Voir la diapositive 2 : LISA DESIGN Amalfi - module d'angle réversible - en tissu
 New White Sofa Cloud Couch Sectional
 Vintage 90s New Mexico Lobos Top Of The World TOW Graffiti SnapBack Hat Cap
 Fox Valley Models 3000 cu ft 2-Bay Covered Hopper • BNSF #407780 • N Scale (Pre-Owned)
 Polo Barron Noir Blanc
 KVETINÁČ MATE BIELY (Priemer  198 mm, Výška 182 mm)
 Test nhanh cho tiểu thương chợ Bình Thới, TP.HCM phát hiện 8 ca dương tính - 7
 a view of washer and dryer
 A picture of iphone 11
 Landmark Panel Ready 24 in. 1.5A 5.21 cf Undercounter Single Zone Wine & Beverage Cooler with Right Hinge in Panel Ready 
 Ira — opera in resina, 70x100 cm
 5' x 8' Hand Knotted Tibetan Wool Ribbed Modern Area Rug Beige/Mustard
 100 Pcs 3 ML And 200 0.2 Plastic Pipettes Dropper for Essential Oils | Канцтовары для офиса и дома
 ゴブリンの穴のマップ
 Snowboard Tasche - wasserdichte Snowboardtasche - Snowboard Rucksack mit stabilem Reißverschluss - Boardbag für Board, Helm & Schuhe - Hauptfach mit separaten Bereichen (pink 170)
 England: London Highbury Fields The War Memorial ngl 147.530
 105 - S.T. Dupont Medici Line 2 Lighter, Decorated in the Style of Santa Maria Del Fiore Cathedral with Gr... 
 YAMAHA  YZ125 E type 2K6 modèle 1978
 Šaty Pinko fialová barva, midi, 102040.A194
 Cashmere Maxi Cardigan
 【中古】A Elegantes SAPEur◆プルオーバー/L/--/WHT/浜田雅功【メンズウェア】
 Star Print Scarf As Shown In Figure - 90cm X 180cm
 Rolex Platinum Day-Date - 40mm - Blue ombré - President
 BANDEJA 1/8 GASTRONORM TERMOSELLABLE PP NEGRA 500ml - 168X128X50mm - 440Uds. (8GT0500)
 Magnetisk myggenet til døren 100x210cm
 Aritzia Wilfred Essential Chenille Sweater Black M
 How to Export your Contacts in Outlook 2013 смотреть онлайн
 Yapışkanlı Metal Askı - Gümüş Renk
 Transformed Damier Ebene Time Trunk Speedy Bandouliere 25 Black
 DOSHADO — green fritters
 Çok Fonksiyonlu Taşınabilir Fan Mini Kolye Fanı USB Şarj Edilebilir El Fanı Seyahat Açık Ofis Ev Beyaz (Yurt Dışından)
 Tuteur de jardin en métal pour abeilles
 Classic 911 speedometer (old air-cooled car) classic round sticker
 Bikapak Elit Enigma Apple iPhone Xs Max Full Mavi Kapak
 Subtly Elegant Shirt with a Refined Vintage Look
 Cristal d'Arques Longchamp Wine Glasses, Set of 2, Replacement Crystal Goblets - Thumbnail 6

(Your objective):
Exactly as they appear, write out the lines from the one containing "Classic 911 speedometer" through the final line of the entries above, both included.

(Answer for this exercise):
 Classic 911 speedometer (old air-cooled car) classic round sticker
 Bikapak Elit Enigma Apple iPhone Xs Max Full Mavi Kapak
 Subtly Elegant Shirt with a Refined Vintage Look
 Cristal d'Arques Longchamp Wine Glasses, Set of 2, Replacement Crystal Goblets - Thumbnail 6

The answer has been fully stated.